Bebe prematuro tamaño de un lápiz sorprende a los doctores y al mundo.

Amillia Taylor tiene el mérito de ser la bebe más prematura del mundo por haber nacido en un periodo de gestación de 21 semanas cuando lo normal es de unas 38 semanas. La pequeña ha nació en Miami a las 21 semanas de gestación  con un peso 284 gramos de peso (aproximadamente 0.62 libras) y una altura 24,13centímetros de altura equivalente a 0.24 metros, es muy probable que Amilia muriera.

La mayoría de estos bebés tan prematuros no sobrevive. Dice el doctor neonatología William Smalling del Baptist Children’s “es un verdadero milagro el hecho de que esta niña siga con vida” del hospital donde nació Amillia,
La bebé padece de dificultades respiratorias, una leve hemorragia cerebral y problemas digestivos los cuantos permiten a los médicos ser más optimistas.  Smalling, que también reconocía que “es  una atención excelente, pero también cuestión de suerte”.

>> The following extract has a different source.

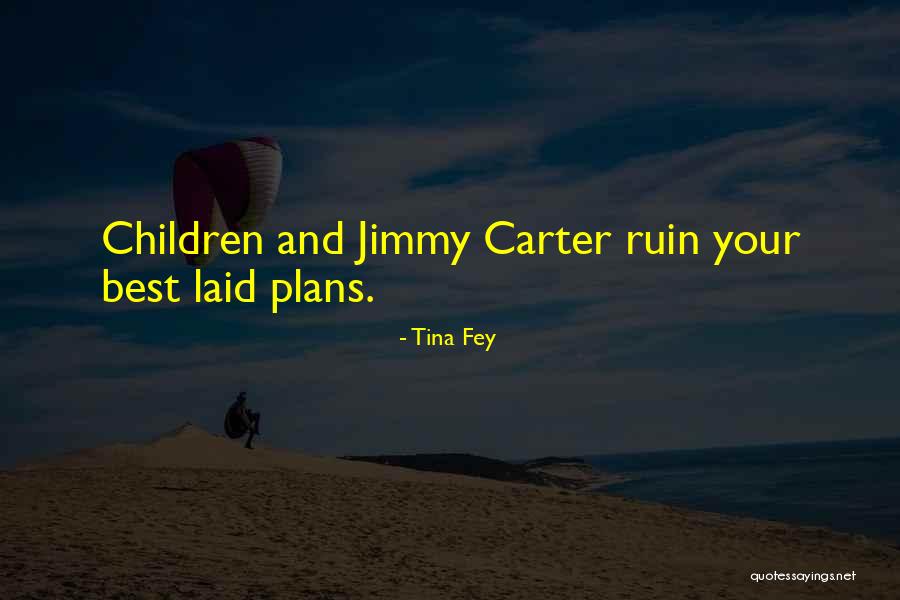 Tina Fey Quotes 1903754 Tina Fey Quotes 1903754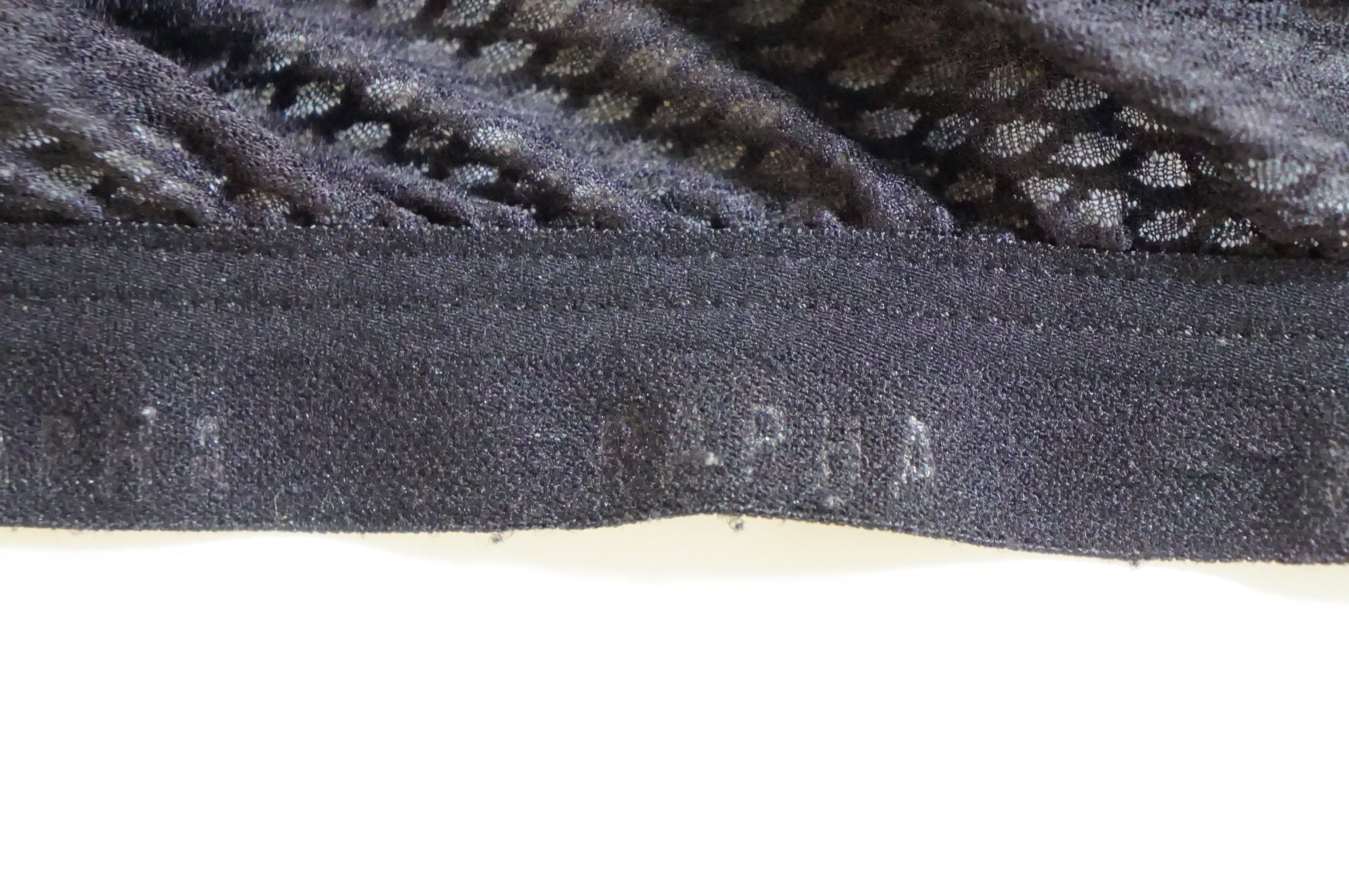 RAPHA 「ラファ」 PROTEAM MID WEIGHT JERSEY 半袖 Mサイズ ジャージ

Paul Fassbach, su médico desde el segundo día ha reconocido que “el cerebro es lo más importante, pero su pronóstico es excelente. “Ahora es como un bebé de verdad” La madre de Amillia, Sonja Taylor, no podía contener su alegría cuando su hija recibió el alta: “era difícil imaginar que llegaría tan lejos, pero ahora está empezando a parecer un bebé de verdad”.
La tasa de supervivencia para un niño nacido a las 23 o menos semanas de embarazo es del 30%. Sonja dice que lo peor hasta ahora ha sido no haber podido tenerla hasta seis semanas más tarde de su nacimiento y tener que mirarla “únicamente a través del plástico”.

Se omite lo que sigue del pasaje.